The story of Christ's birth in Bethlehem was brought to life at the Haviland Christmas Pageant.

Editor's Note: The history portion of this story came from the Haviland Christmas Pageant program.

There were camels and sheep and a donkey and lots of other animals along with a cast of 70 singers and actors that brought the Haviland Christmas Pageant to life in Hockett Auditorium on the Barclay College Campus in Haviland this weekend.

The pageant tells the story of the birth of Christ from the angel telling Mary she would become the mother of the messiah to the adoration of the shepherds and the wisemen. The pageant is held every two years. In 2019, the pageant will be held in the new Ross-Ellis Center for Arts and Ministry. That made the performance this year a special event because its the last time it will be held in Hockett Auditorium where it has been held since 1991.

In his remarks about the pageant, Barclay College President Royce Frazier said the new building is scheduled for completion on Dec. 20 and students will attend classes in the building at the start of classes in January.

He is anxious to see what the pageant will look like in the new building. There will be changes in the pageant when the move is made including changes in set pieces that have been used in the pageant for many years.

But most importantly, the pageant tells the story of the arrival of the Messiah, Jesus Christ and wherever the pageant is held, it will continue to tell that story.

Since 1991, the pageant has transformed Hockett Auditorium into the streets of Bethlehem, the stable where Christ was born, the hillside outside Bethlehem were the angels announced the birth to the shepherds, the garden were the angel announced the birth to Mary and King Herod's palace.

The show begins with a profit sharing the Old Testament prophesy of the coming Messiah followed by the timeline and action that leads to the birth of Christ.

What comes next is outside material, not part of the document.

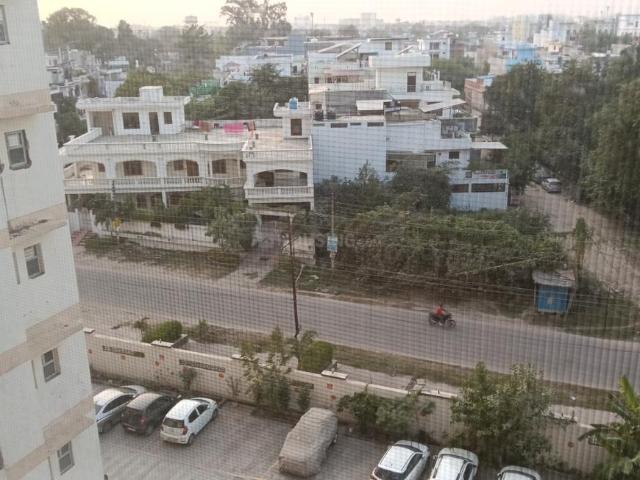 2 BHK Apartment in Vrindavan Yojana for rent Lucknow. The reference number is 18906397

The story is a mix of dialogue and lots of music performed by local residents, Barclay College students and some out of town performers also. All ages get involved with the production from children to teens to college students to all ages of adults plus the baby Jesus who is just a few weeks old.

The music and script tells the story of the life and times of the people in Bethlehem and the presence of Rome in the country.

An important part of the performance is the use of live animals. In the opening sequence, children parade through the "streets" with a variety of live animals including a couple of sheep. Herod makes his entry on a horse, Mary rides a donkey with Joseph holding the reins, and a highlight of the pageant is the arrival of the Wise Men on camels complete with an entourage for each.

Costuming is an important part of the performance including the subdued color of the clothing for the residents of Bethlehem, the bright red and silver of the Roman soldiers, Kings Herod's royal robes, the white and gold of the angel Gabriel to the bright colors of the Wise Men and their entourage.

The pageant started as a Sunday School program in 1985 in the basement of the Haviland Friends Church with seating that formed streets and crude cubicles where Joseph and Mary stopped to find a place for the night.

The response to the pageant was so good that Friends Church Pastor Rev. Paul Romoser realized they needed a bigger space for the next year and in 1986 they presented the Pageant in the Banbury Auction Center. Sets were added thanks to the Haviland Art Club. Herb Frazier wrote his own script with a narrator, Johndy Lewis, reading from one of the set rooftops.

In 1987, Janet Johnston revised the scripts, actors were given speaking lines and the program came alive. Live animals, including camels were added in 1988 resulting in a more realistic experience that played to standing room only audiences.

In 1991, Banbury Auction Center was sold and Barclay College agreed to let the pageant take place in Hockett Auditorium. The pageant became a joint effort between the college and the Friends Church. A door in Hockett was remolded to accommodate the camels. About 1,000 people see the pageant every year.